To the outside observer, this $14 billion a year to $13 billion a year change may appear to be a fairly small.  In fact, many a big town paper editorial board would no doubt compete in a race to be the first to charge that there is little difference between the two and declare it a fiscal scandal either way.

However, within agriculture circles, it may appear to be a huge change and an insurmountable challenge.

In the academic community, a different question might be asked: if we were starting from scratch, could a decent, modern, equitable safety net be designed that would cost $13 billion a year?  How about $12 billion?  Or $10 or $11 billion?
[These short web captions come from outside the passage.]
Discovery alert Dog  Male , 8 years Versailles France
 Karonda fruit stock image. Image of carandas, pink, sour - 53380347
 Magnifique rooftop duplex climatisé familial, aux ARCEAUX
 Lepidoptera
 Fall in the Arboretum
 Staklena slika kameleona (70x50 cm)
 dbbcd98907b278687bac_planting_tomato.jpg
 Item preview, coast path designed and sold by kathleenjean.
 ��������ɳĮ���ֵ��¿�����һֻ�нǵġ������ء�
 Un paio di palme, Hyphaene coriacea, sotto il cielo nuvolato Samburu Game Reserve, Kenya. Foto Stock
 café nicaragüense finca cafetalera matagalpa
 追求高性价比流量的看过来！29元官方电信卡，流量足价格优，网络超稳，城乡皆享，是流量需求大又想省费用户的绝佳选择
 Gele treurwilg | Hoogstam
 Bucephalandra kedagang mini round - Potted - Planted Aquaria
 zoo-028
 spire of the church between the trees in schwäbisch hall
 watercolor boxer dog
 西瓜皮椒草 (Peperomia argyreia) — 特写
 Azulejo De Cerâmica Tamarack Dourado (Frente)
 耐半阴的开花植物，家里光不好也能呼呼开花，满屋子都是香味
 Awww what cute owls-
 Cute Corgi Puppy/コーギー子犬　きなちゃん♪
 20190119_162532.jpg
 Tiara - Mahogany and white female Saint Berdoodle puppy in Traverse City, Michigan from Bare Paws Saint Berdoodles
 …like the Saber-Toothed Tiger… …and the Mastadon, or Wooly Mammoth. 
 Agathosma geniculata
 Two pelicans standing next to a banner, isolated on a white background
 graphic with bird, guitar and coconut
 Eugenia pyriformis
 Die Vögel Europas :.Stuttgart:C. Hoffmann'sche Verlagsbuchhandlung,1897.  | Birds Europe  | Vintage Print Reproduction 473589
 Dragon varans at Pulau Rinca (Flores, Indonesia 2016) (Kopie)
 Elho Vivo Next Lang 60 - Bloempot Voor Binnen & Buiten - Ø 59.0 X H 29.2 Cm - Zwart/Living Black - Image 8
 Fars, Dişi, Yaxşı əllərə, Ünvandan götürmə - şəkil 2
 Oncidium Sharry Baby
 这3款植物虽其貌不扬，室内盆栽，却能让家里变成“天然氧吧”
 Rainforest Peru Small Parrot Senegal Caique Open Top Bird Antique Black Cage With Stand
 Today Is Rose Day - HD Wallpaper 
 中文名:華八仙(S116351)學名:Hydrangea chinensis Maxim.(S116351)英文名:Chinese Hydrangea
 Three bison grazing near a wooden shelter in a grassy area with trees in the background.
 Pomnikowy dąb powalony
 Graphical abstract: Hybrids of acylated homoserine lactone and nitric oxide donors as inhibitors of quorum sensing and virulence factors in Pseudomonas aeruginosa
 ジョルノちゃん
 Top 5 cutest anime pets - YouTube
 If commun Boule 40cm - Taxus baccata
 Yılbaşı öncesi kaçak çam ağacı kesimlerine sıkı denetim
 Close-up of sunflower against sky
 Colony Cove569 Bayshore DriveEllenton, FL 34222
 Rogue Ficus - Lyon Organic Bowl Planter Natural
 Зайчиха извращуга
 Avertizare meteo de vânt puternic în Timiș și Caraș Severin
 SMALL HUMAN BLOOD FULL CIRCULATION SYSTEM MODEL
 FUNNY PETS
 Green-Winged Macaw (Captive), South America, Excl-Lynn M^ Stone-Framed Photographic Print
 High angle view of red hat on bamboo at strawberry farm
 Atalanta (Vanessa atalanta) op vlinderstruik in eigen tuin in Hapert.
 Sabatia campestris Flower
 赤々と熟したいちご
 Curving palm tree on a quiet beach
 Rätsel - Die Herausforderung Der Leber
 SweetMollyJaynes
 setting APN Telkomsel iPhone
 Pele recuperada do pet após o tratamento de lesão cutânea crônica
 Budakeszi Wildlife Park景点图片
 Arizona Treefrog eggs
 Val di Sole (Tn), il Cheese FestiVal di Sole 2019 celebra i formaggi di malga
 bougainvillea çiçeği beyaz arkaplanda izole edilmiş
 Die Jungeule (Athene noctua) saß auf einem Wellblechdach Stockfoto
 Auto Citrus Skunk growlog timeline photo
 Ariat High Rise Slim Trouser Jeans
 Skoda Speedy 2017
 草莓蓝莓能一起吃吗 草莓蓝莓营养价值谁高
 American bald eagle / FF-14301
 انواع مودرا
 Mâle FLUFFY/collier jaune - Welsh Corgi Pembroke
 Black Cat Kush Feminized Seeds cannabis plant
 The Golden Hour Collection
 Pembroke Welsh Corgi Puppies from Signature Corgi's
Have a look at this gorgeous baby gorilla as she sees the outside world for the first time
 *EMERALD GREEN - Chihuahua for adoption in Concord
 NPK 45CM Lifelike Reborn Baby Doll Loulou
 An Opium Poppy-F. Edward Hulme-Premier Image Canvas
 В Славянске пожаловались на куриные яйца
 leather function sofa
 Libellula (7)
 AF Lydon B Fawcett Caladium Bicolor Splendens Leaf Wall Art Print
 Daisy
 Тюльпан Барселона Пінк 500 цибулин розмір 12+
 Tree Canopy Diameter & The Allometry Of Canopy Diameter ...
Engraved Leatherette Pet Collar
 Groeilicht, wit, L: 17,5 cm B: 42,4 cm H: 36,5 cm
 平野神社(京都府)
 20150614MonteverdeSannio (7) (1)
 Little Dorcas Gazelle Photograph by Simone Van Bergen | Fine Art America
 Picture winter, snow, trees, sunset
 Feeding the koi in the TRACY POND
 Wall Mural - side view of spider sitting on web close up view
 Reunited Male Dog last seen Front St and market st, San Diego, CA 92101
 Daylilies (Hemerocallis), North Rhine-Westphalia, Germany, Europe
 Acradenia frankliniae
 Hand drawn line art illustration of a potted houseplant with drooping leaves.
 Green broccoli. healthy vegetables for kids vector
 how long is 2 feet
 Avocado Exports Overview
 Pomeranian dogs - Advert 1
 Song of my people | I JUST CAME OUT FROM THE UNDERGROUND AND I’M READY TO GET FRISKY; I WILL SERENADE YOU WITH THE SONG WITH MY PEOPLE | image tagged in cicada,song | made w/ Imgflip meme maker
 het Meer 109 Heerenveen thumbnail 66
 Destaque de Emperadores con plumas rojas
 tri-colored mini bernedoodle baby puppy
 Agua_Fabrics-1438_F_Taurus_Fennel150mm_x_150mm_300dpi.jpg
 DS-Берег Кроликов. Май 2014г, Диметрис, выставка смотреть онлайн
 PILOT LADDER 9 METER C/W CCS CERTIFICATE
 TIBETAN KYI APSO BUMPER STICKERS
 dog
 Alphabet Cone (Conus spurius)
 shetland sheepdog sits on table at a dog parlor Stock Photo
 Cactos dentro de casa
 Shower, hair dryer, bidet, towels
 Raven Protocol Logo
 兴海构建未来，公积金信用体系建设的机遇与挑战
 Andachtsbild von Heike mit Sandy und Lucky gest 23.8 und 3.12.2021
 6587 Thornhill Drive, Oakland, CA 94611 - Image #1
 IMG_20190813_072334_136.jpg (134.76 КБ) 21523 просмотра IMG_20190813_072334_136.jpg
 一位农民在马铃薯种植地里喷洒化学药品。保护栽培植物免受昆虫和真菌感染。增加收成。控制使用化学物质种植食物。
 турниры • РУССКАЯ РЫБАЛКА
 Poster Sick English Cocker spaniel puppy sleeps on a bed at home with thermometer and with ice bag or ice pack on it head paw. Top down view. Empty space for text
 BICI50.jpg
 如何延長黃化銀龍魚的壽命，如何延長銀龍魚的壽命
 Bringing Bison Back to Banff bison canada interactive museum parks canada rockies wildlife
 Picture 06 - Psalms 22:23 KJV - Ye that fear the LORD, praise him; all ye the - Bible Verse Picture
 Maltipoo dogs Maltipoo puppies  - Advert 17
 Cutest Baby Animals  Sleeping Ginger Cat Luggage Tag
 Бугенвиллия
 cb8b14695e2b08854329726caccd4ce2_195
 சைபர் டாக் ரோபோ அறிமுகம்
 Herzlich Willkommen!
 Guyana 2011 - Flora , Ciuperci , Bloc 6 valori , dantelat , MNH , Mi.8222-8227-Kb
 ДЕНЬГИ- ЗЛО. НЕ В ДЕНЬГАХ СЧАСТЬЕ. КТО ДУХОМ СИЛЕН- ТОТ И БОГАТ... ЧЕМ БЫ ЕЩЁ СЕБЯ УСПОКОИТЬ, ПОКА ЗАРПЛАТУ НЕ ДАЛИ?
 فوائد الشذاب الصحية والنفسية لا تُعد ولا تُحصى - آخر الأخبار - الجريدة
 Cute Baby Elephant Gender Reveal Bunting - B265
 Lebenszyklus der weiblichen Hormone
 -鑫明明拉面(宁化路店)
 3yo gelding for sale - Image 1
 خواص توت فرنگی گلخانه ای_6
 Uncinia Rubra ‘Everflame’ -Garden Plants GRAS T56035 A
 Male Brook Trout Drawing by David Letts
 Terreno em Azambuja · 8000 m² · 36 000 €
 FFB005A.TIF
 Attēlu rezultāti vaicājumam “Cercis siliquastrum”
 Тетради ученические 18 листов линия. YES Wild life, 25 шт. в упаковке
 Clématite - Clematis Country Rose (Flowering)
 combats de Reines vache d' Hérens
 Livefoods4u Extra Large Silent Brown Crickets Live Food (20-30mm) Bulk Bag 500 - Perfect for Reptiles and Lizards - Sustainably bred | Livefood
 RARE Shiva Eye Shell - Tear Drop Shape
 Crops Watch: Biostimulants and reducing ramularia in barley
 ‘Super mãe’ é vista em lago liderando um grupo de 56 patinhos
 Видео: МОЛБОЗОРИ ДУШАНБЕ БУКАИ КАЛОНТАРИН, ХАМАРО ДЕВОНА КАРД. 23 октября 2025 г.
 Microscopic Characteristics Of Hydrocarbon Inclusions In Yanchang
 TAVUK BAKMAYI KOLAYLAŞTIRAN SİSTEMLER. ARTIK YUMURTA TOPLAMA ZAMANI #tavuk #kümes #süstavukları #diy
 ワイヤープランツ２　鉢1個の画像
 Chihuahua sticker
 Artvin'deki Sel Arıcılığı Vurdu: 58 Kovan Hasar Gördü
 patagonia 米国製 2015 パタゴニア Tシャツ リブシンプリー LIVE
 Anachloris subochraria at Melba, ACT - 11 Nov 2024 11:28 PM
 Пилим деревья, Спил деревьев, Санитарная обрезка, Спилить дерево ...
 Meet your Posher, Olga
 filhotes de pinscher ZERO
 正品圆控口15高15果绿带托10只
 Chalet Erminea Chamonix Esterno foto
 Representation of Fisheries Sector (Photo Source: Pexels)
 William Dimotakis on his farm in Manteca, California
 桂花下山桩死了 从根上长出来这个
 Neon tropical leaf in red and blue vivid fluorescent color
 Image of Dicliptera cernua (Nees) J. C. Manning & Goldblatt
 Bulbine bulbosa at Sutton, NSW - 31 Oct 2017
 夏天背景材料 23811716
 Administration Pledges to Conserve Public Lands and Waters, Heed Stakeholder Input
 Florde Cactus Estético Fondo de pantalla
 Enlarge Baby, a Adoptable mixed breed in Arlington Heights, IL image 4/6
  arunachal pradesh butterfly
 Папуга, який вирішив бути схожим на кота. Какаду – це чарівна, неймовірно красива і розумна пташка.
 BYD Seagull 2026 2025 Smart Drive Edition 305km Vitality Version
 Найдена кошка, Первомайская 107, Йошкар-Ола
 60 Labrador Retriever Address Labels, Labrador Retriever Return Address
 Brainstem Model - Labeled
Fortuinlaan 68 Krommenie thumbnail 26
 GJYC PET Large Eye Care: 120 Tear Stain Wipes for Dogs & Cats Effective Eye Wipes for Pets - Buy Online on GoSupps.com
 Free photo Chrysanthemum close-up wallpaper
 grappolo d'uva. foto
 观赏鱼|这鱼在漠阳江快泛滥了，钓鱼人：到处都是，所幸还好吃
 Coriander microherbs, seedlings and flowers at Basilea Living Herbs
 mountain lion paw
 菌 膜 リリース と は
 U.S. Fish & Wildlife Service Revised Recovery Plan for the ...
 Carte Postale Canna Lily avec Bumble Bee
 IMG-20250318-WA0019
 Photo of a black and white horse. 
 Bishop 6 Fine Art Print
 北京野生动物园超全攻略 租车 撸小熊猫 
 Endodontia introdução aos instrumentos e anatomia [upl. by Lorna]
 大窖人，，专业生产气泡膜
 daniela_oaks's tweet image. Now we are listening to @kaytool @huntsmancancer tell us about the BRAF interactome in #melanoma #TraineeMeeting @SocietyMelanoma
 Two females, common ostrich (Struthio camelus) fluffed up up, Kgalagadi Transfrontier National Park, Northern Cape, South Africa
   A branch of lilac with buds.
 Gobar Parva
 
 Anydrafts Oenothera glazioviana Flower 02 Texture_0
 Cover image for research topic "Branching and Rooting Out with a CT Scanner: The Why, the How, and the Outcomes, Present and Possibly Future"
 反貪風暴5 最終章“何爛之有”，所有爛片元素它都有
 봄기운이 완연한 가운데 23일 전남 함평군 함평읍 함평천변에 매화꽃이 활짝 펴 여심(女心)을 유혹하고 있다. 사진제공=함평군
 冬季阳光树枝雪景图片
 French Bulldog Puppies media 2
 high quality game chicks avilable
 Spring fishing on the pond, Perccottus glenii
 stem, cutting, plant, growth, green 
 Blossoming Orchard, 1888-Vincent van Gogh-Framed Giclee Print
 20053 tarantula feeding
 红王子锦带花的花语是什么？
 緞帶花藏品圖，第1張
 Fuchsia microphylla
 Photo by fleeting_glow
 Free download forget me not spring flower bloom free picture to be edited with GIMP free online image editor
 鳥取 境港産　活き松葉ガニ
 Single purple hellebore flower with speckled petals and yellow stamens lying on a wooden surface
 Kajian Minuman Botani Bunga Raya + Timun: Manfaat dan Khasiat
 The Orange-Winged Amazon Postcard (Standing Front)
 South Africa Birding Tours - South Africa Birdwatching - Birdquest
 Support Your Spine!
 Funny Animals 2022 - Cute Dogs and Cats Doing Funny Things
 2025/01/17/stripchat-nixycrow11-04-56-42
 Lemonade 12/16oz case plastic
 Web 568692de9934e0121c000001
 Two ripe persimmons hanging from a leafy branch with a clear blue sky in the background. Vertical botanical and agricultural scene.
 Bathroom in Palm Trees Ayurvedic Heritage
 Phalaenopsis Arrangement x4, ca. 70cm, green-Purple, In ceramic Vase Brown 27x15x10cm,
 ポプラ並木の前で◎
If so, what would it look like?

But in the policy world, you never get to start from scratch, but you do at least occasionally get to ask some fundamental questions.  With a new farm bill temporarily on hold while we go through the next three man-made fiscal battles over sequestration, a continuing resolution, and the debt ceiling, now is not a bad time to get those questions on the table.  Questions such as —

  • Should we subsidize every last acre on every last farm now matter how big the farm, no matter how wealthy the owner, no matter if the beneficiary is a Wall Street investor or an actual working farmer, and no matter how much the subsidy further concentrates agricultural assets and wealth?
  • Should we consider it written in stone that farmers should have insurance options in which the taxpayer covers as much as 80 percent of the premium, or is 75 percent or 70 percent sufficiently generous as a top limit?
  • Is it good public policy to effectively guarantee, on the taxpayer’s dime, high returns to private crop insurance companies without effective competition?
  • Is it not such a great idea to have both commodity title and crop insurance title program options to cover part of the insurance deductible, or is such built-in redundancy actually important to cover different types of agriculture or different types of risk?
  • Is it good public policy to continue to offer subsidized insurance so investors can break out brand new cropland from our shrinking pool of native grasslands, land that more often than not is marginal enough for crop production that it guarantees high future insurance payouts?
  • How far should a new farm bill go to create risk management and insurance options for all of agriculture, or is it not actually a major public policy issue at this point in time for the vast majority of support to go to the small handful of major commodity grain, feed, and fiber crops?
  • Should well established, financially secure farms get the same insurance premium subsidy as new, young and beginning farmers?  Should organic farmers be forced to continue to pay more for crop insurance even while getting payments in case of a disaster at lower conventional market prices?  And so on.

One of the problems with the crop insurance and shallow loss debates from the first two rounds on the new farm bill (the 2011 super committee round and the 2012 regular order round) was the lack of interest, with limited exceptions, to delve very far into questions such as these.  In our view, now is a good time to have a deeper discussion, and it may well be wiser for agriculture to get behind significant changes in the direction of real reform (and a bit more deficit reduction) than to circle the wagons and let change happen by way of popular — though perhaps less practical — floor  amendments or budget cliff deals.

 


Categories: Budget and Appropriations, Farm Bill


One response to “Time for a Deeper Farm Safety Net Discussion?”

  1. Leslie Everett says:

    Conservation compliance was not mentioned in the article above. It needs to be tied to subsidized crop insurance in order to protect wetlands, native prairie and highly erodable land. With the reduction in commodity subsidies, there is less incentive to stay in compliance now.